AFAIK, as of today we just know:

  • Their length is A180632(n) ≤ A007489(n) = Sum_{k=1..n} k! but this bound is only sharp for n ≤ 5, i.e., we have equality for n ≤ 5 but strictly less for n > 5.
  • There's a very simple recursive algorithm, given below, producing a superpermutation of length A007489(n), which is always palindromic (but as said above this is not the minimal length for n > 5).
  • For n ≥ 7 we have the better upper bound n! + (n−1)! + (n−2)! + (n−3)! + n − 3.
  • For n ≤ 5 all minimal SP's are known; and for all n > 5 we don't know which is the minimal SP.
  • For n = 1, 2, 3, 4 the minimal SP's are unique (up to changing the symbols), given by (1, 121, 123121321, 123412314231243121342132413214321) of length A007489(1..4) = (1, 3, 9, 33).
  • For n = 5 there are 8 inequivalent ones of minimal length 153 = A007489(5); the palindromic one produced by the algorithm below is the 3rd in lexicographic order.
  • For n = 6 Houston produced thousands of the smallest known length 872 = A007489(6) - 1, but AFAIK we still don't know whether this is minimal.
  • For n = 7 Egan produced one of length 5906 (one less than the better upper bound given above) but again we don't know whether that's minimal.
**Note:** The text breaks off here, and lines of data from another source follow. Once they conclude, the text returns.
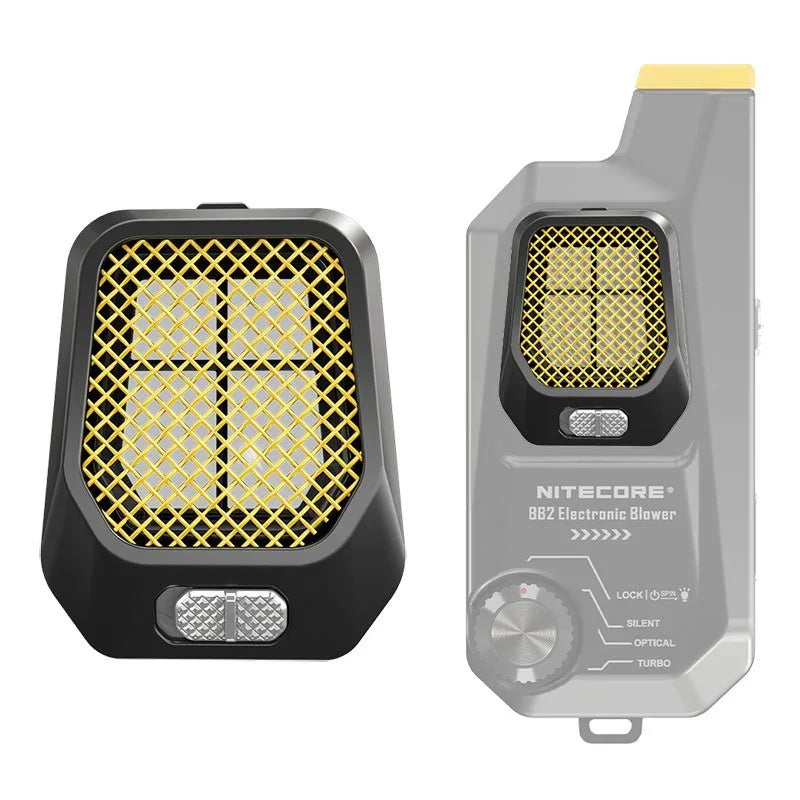 Nitecore NIA001 Filter till BB2 / BlowerBaby Gen2 - Action King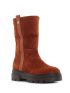 Tommy Hilfiger Faux Fur Suede  FW0FW08158-GPK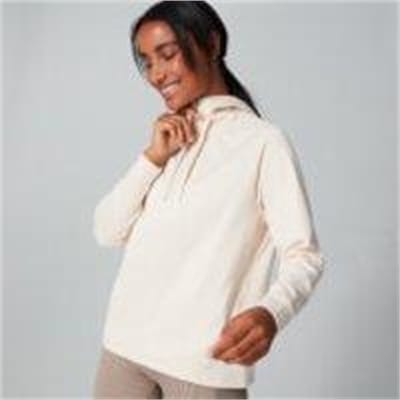 Fitness Mania - Tech Pull Over Hoodie - Moonbeam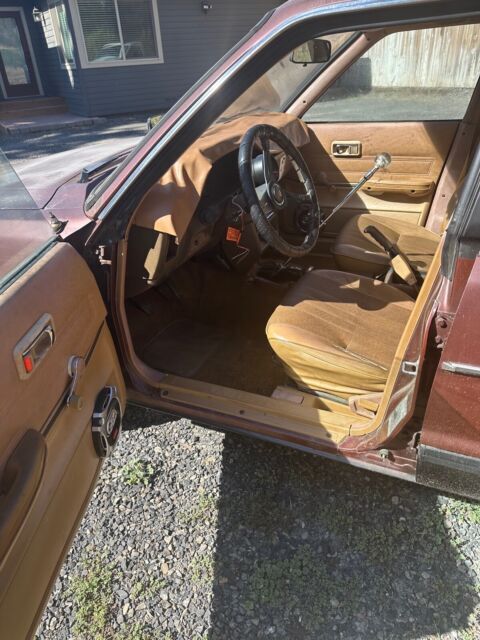 1980 Subaru 1600 - photo 13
I've written a very short PARI/GP program (you can paste to run it on the PARI/GP web site) which implements the standard algorithm producing a palindromic superpermutation of length A007489(n):

extend(S,n=vecmax(s))={ my(t); concat([
  if(#Set(s)<n, [], /* discard if not a permutation */
    s=concat([s, n+1, s]); /* Now merge with preceding segment: */ 
    forstep(i=min(#s, #t)-1, 0, -1,
      if(s[1..1+i]==t[#t-i..#t], s=s[2+i..-1]; break));
    t=s /* store as previous for next */
  )/*endif*/
  | s <- [ S[i+1..i+n] | i <- [0..#S-n] ]])
}
SSP=vector(6, n, s=if(n>1, extend(s), [1])); // gives the first 6, the 6th being non-minimal

I think that easily translates to any other language. (For non-PARI speaking persons: "| x <-" means "for x in".)